As portas do inferno
Abriram as portas do inferno!, disse o secretário-geral da Organização das Nações Unidas (ONU), António Guterres. Não se referia ao fogo que o calcina estes dias por conta do que disse sobre a horrenda guerra na Palestina, que até nos fez esquecer da Ucrânia. Guterres falava do que começa a acontecer com o planeta e a nossa vida.
A um mês da COP23, a conferência do clima que vai acontecer em Dubai, relatório dos cientistas me assusta ainda mais. Não quero ser alarmista, mas não dá para desconhecer tudo que está acontecendo na Terra. Sucessivas barbaridades individuais e coletivas parecem confirmar a tese de que surgiria uma crise na saúde mental pós-Covid.
Mas o prognóstico mais devastador é, sem dúvida, o do moribundo planeta. Estamos conseguindo acabar com essa massa cósmica que vive há milhões e milhões de anos, sucumbindo agora, neste século XXI, quando o homo sapiens parece ganhar asas.
Entramos no antropoceno, nova era geológica surgida após a tecnologia, a revolução industrial e o consumo. Pela primeira vez na História, as coisas pesam mais que nós. O que produzimos – estradas, prédios, carros, lixo etc – estão pesando na crosta terrestre mais do que os seres vivos, e olha que só de humanos somos mais de sete bilhões!
Esse cálculo por si mostra como invertemos a lógica da vida. As coisas deveriam ser apenas acessórias, como eram as peles e as machadinhas de pedra que serviam nas cavernas. Claro que não estou sugerindo que voltemos ao mundo primitivo, mas será que precisamos disso tudo que está aí?
Produzimos para consumir e quem é consumido é o planeta. A água nos propiciou a vida e agora se revolta.
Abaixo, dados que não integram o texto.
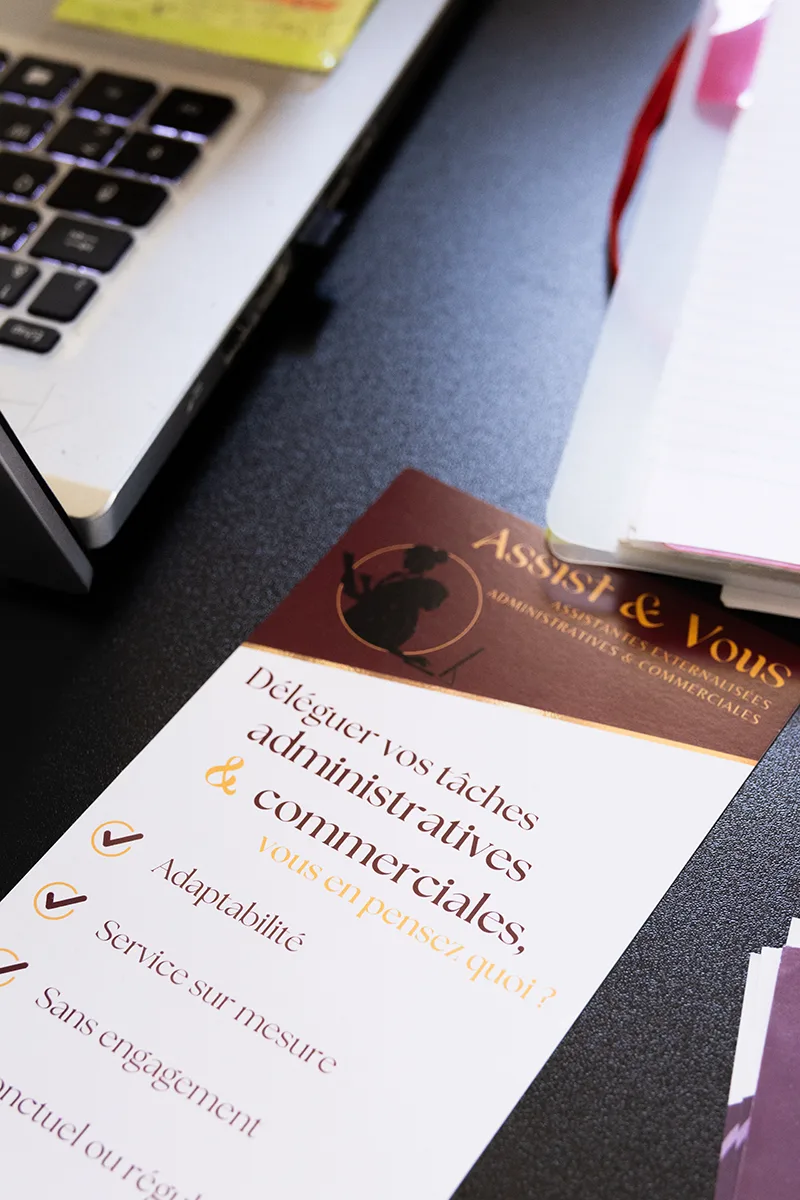 Plaquette Assist & Vous sur un bureau : gestion commerciale et relance de facturation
O degelo na Antártida corre solto, se acentuou neste novo século e, segundo os especialistas, nem a meta de 1,5 grau no clima será suficiente para conter a fúria dos mares, e se antevê aumento do nível do mar de até cinco metros, o que fará da lendária Atlântida símbolo do que acontecerá com muitas cidades.
E a água subterrânea, que viabiliza o sustento e a agricultura em muitos cantos, começa a acabar. E não era pouca. Se toda a água debaixo da crosta emergisse, o mundo todo ficaria onze metros abaixo da superfície. Pois não é que a Arábia Saudita já não dispõe mais desse líquido sagrado e a Índia vai pelo mesmo caminho?
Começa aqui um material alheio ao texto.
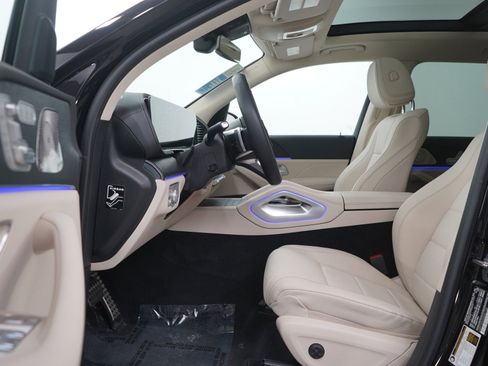 Used 2025 Mercedes-Benz GLS 450 4MATIC image 24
Não me abalam só as guerras entre nações e grupos atrozes. Mas também a que travamos com a natureza, filhos ingratos que somos, destroçando a nossa vida e a dos demais. O desmatamento faz perdermos 13 milhões de hectares por ano. Hoje 35.500 espécies animais, o que corresponde a 28 por cento delas, estão em extinção. Avizinha-se uma sexta extinção. O detalhe é que as cinco primeiras foram causadas por meteoritos e erupções vulcânicas. A de agora por nós.
Não, não sou apocalíptico, apenas um leitor do que dizem nossas melhores cabeças, até agora dispondo de um arsenal que permite as projeções e nos alerta para as condições climáticas. Mas por pouco tempo. Afinal, não satisfeitos em acabar com o que está sobre a Terra, estamos em vias de acabar também com o que está na esosfera. O volume de aparatos orbitando em torno do planeta é tão crescente que já se prenunciam choques entre tantos satélites e lixos cósmicos, inviabilizando essa estrada no céu.
Guterres foi dramático sim, como eu estou sendo agora. É que penso nos nossos filhos que um dia lembrarão que céu e inferno eram apenas imagens da crença na vida. Urge fecharmos com determinação as portas das trevas.